Goya’s first teacher was José Luzan y Martínez (1710–1785), a Baroque artist whose academy in Zaragoza was one of the leading schools in Spain. Luzan’s Saint Valero, Saint Vicente the Martyr, Saint Pedro Arbués and Saint Dominguito de Val, in Glory from 1757 is a magnificent if very traditional example of his paintings.
Francisco Bayeu y Subías (1734–1795) was a fellow-student, and when Goya married in 1773, became his brother-in-law. Although Bayeu is little-known today, at their best his paintings can be impressive. His Olympus: The Fall of the Giants from 1764 shows the war between the Titans and Olympian gods, and was presumably hung under a ceiling. Bayeu was Lieutenant-Director of the Real Academia de Bellas Artes de San Fernando, the senior academy in Spain at the time, until 1788.
During Goya’s training and for much of the early part of his career, the dominant force in Spanish painting was the German painter Anton Raphael Mengs (1728–1779). Mengs spent much of his career in Rome, but undertook two major commissions in Madrid for King Carlos III, who was particularly fond of his work.
Mengs’ Noli me tangere from 1769 is one of a cycle of four paintings on the Passion of Christ which Carlos III commissioned for his bedroom.
Mengs had earlier been director of the Vatican painting school, and in 1772 painted this Triumph of History over Time as a fresco in the Vatican’s Camera dei Papiri. This shows Father Time with his long grey beard and scythe in the foreground, behind whom History is busy keeping records.
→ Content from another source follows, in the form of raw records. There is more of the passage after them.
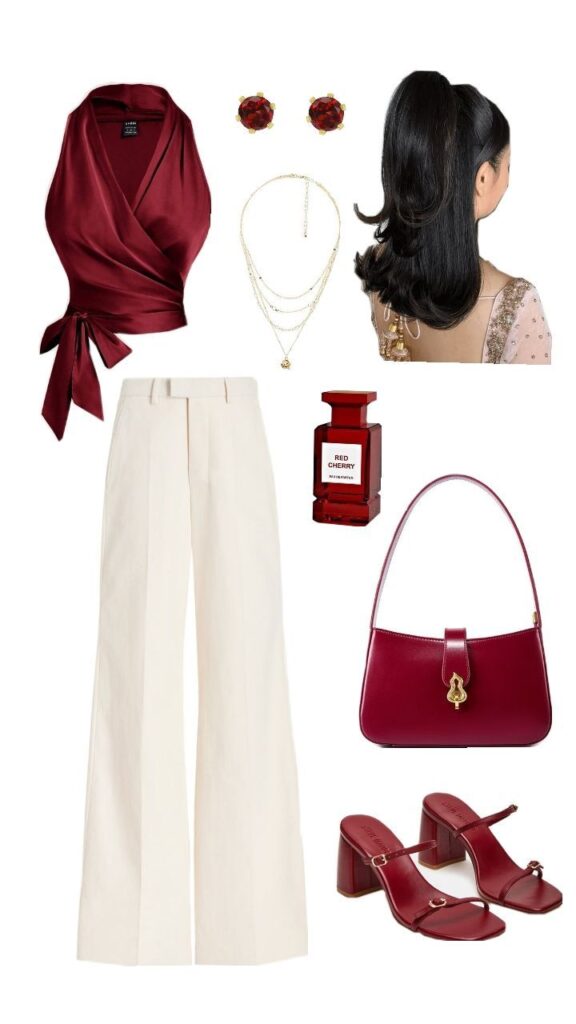 Chic outfit with burgundy top, white pants, matching accessories, and perfume flat lay fashion inspiration.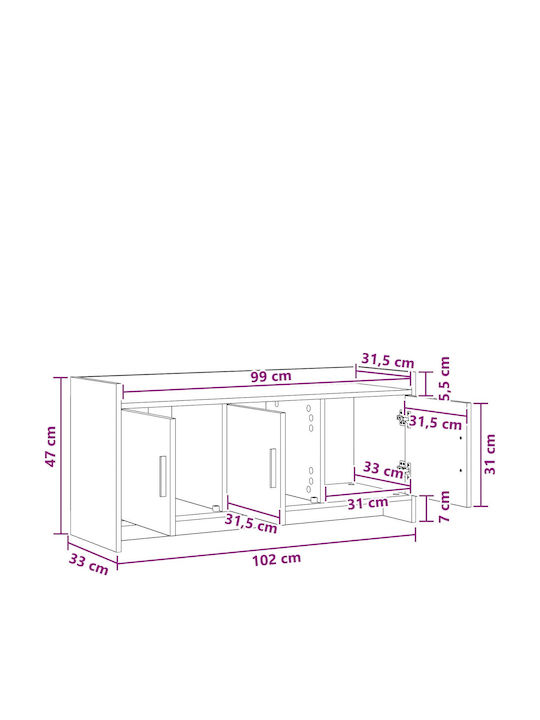 TV Stand White M102xD33xH47cm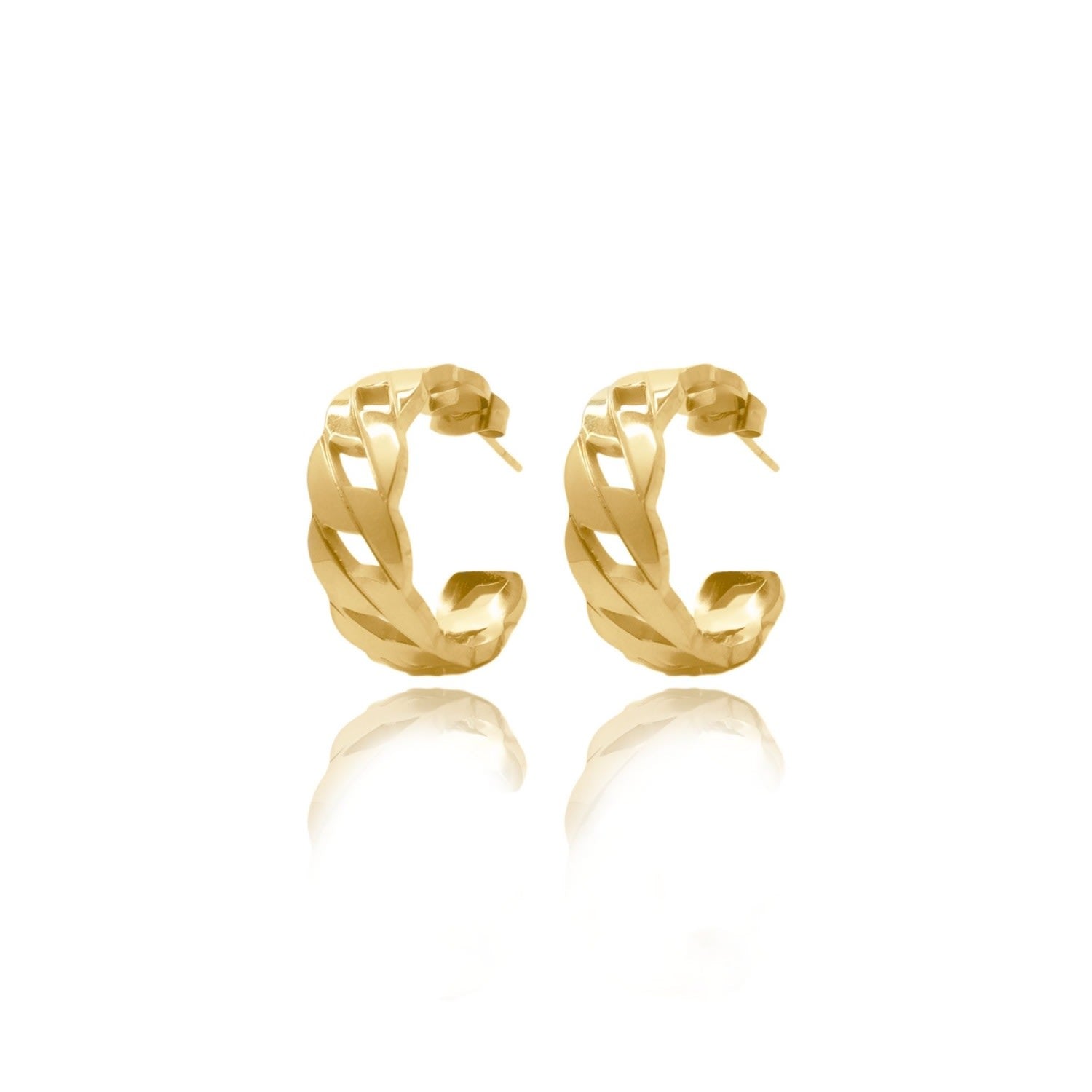 Kalani Cuban Chain Statement Hoop Earrings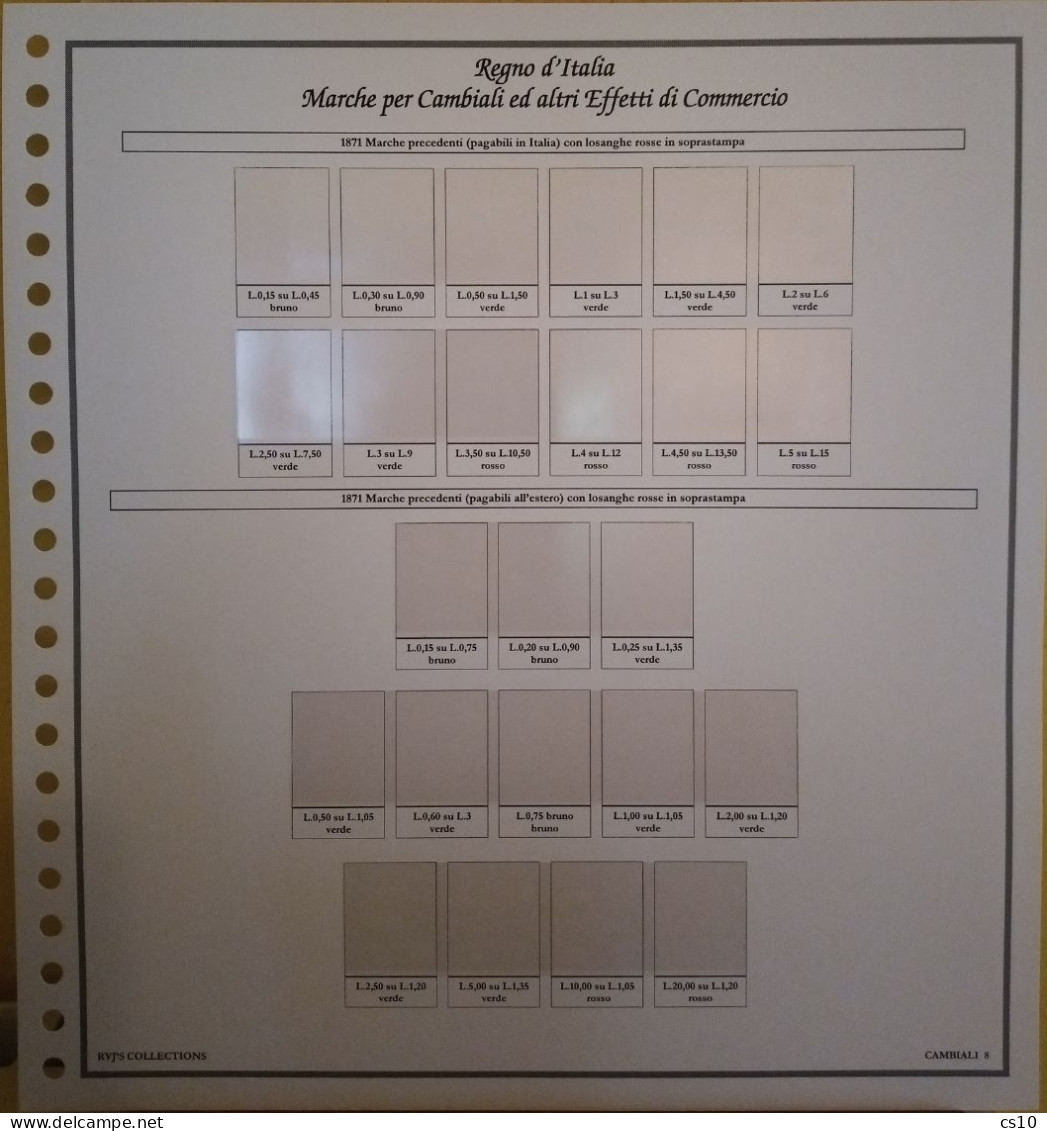 Marche Cambiali Effetti Commercio Regno RSI Luogotenenza Repubblica - Raccolta Fogli Aggiornamento 22anelli Standard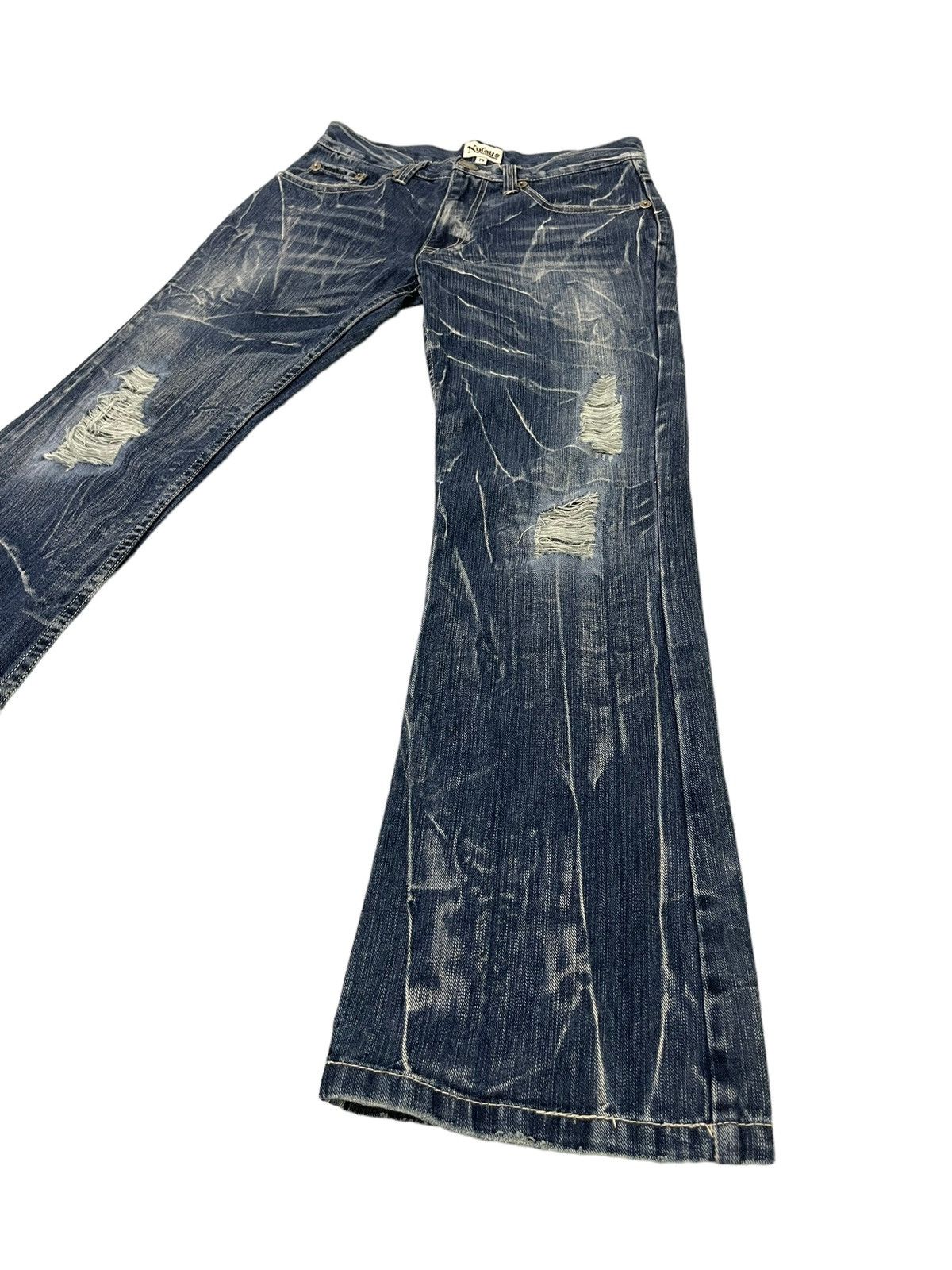 Japanese Brand Flare Jeans Nylaus Distress Denim Low Rise Boot Cut 2🟦9 Size US 30 / EU 46 - 3 Thumbnail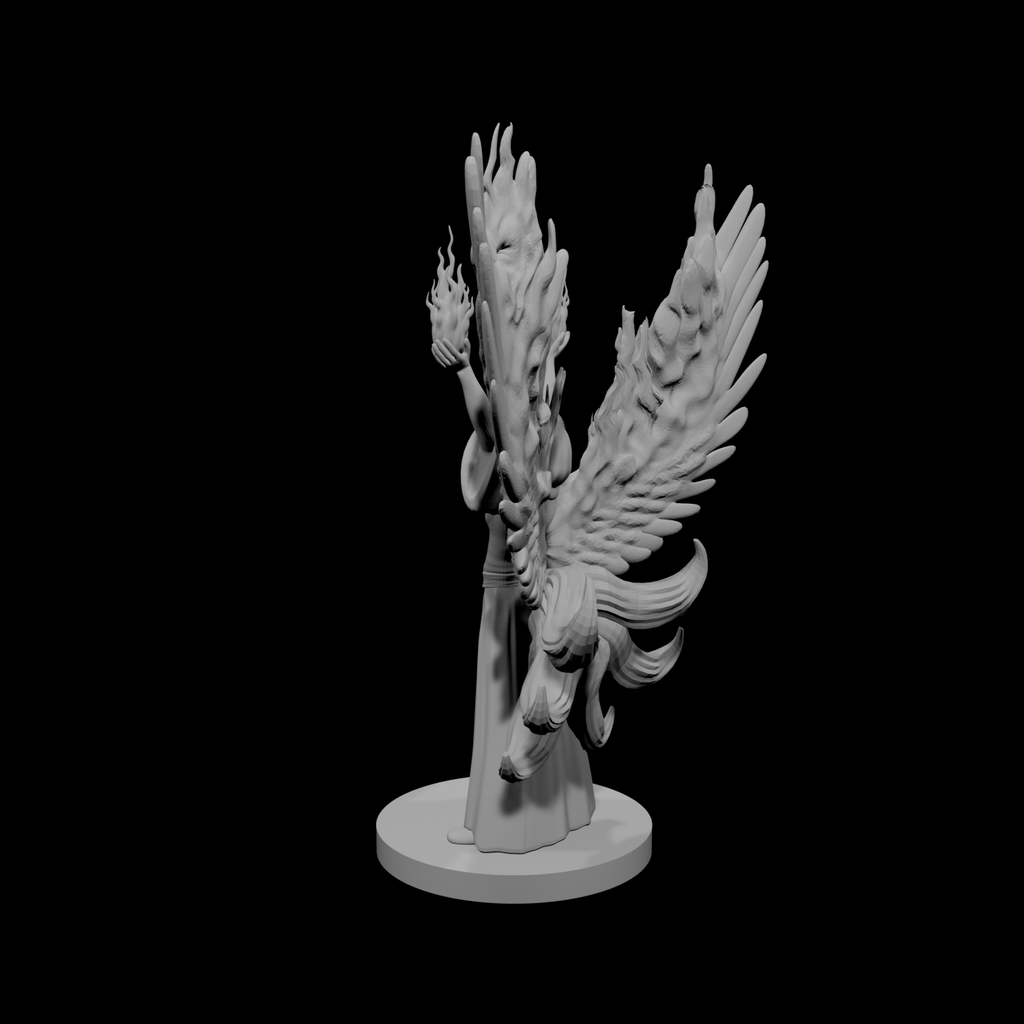 Kitsune Phoenix Unicorn Six Tail Masked Fire Sorceress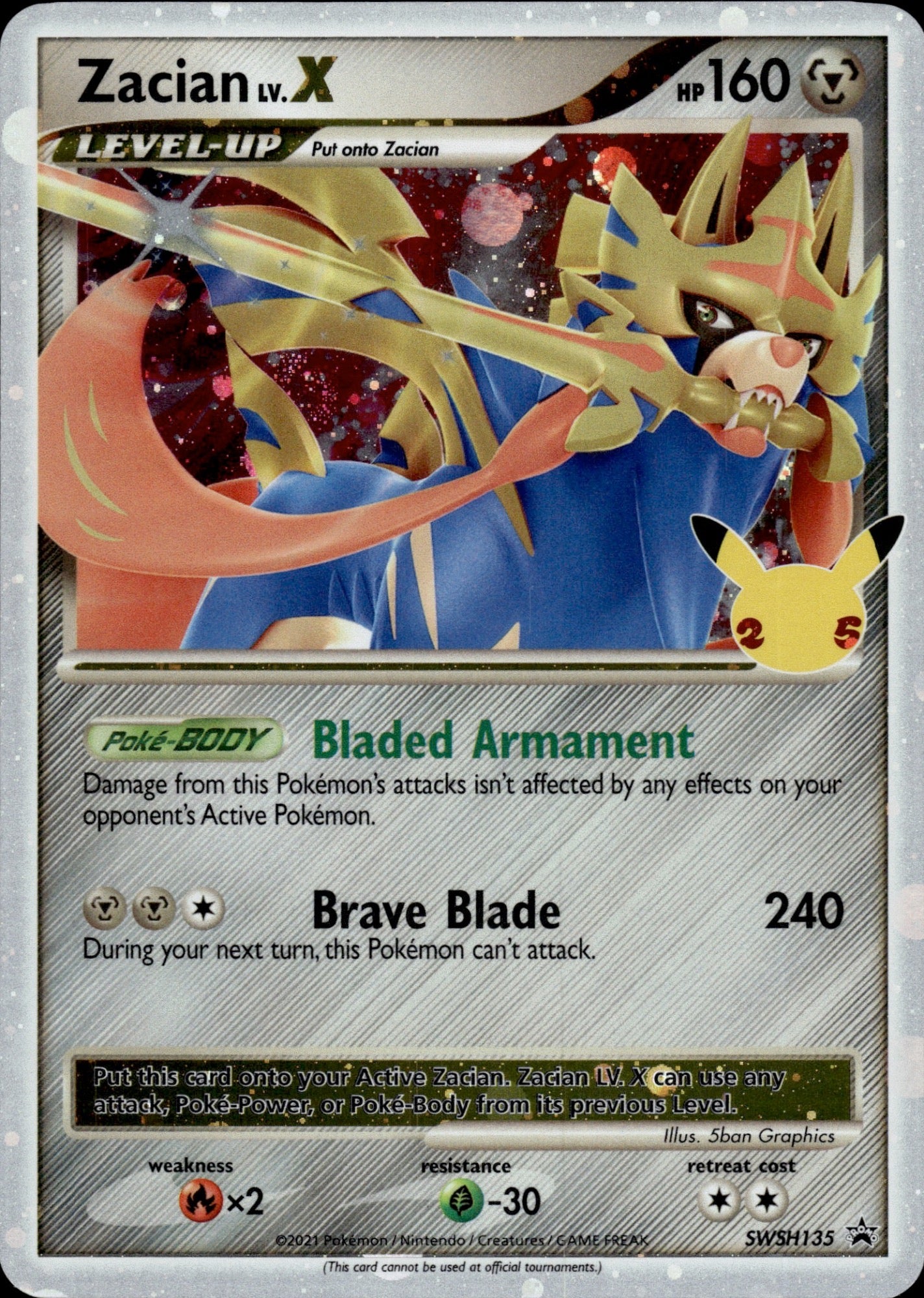 Zacian LV. X SWSH135 Holo Promo Sword & Shield Promo Pokemon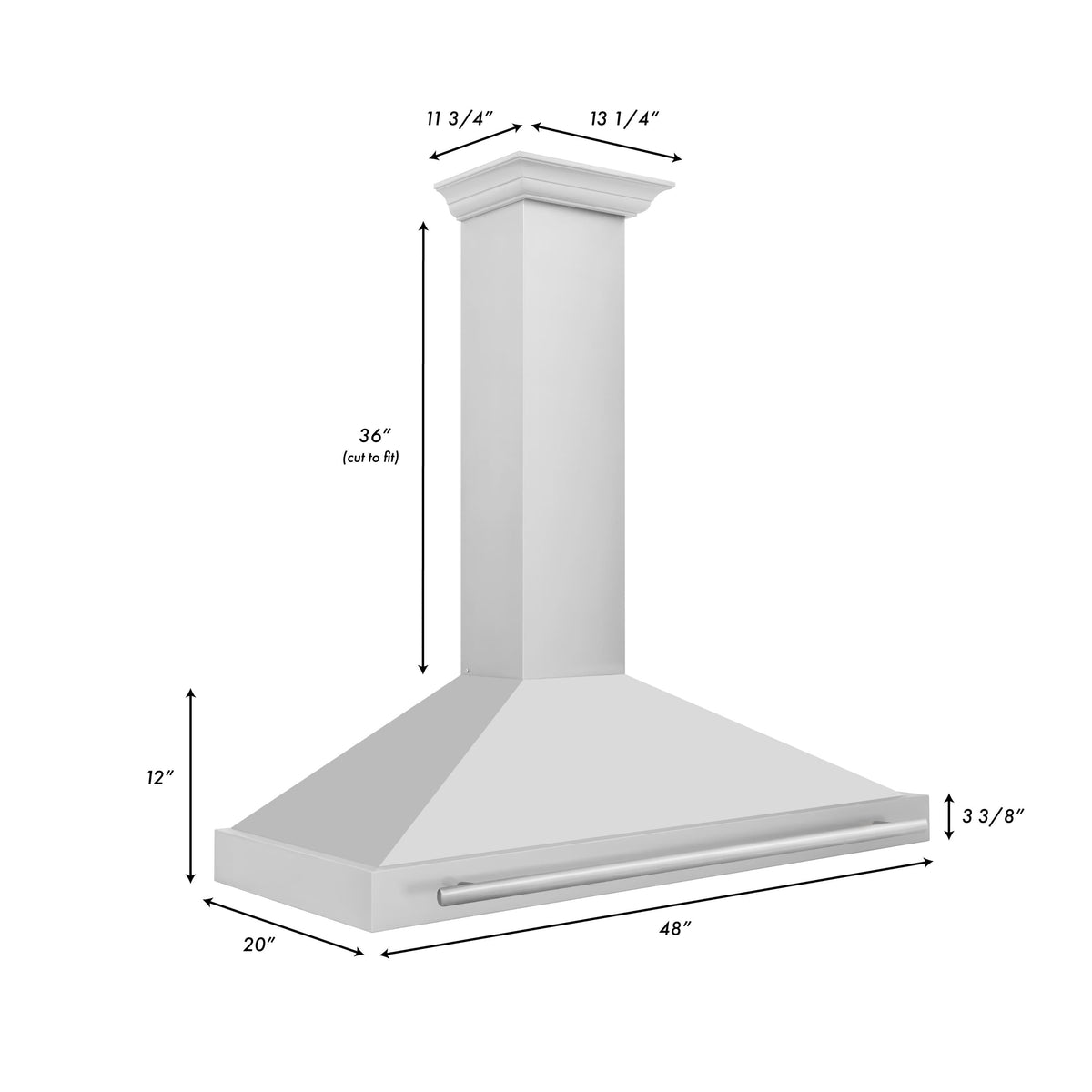 ZLINE - 48 inches - Externally Vented - Wall Range Hood - Stainless Steel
She looks up to the fresh new face of Janus, as the old one looks away to the right.
Mengs’ Perseus and Andromeda from 1773-6 sets this familiar story rather differently. Here Andromeda is more fully dressed than Perseus, although it’s the latter who is centre stage. The artist covers both versions of this popular myth by giving Perseus winged sandals and Pegasus, and Medusa’s head is safely stowed in his scarlet bag. A winged putto, looking quite serious, is skipping off to the right, and at their feet rests the great snout of the dead Cetus, to which Perseus’ right index finger points.
Gregorio Ferro Requeijo (1742–1812) was another pupil of Mengs who became a leading figure in the Real Academia de Bellas Artes de San Fernando. He became its Lieutenant-Director in 1788, and in 1791 took over from Goya as its Director of Painting. His Allegory of the birth of the infant Carlos Clemente from 1772 celebrates the first son of King Carlos IV of Spain, born in 1771 and died in 1774.
There were several other portrait painters who found favour with the nobility and the court. Among those who found royal favour and went on to paint frescos for the King was Antonio González Velázquez (1723–1793), whose undated Crucifixion with St Michael shows his late Baroque style.
Surprisingly, still life painting was another genre which was well-received at court.
Luis Egidio Meléndez (1716–1780) was the best of specialist still life painters of the time. His Still Life with Oranges, Jars, and Boxes of Sweets from about 1760 develops traditional themes from the Dutch Golden Age.
Meléndez’s Still Life with Salmon, Lemon and Three Vessels from 1772 is perhaps more reminiscent of Jean-Baptiste-Siméon Chardin’s love for the rich colour of copper.
Meléndez also painted a series of rather grander meal-settings, including this Afternoon Meal (La Merienda) from about 1772. Although many of his still lifes were painted for the private collection of the Prince of Asturias, later to become King Carlos IV, Meléndez appears not to have been commercially successful, and died in poverty in 1780.
Among other artists painting still lifes at the time was Bartolomé Montalvo (1769-1846), whose undated Bodegón follows in the Spanish tradition.
As with painting in France, the late eighteenth century was to bring major change, in the paintings of Jacques-Louis David, as I’ll show tomorrow.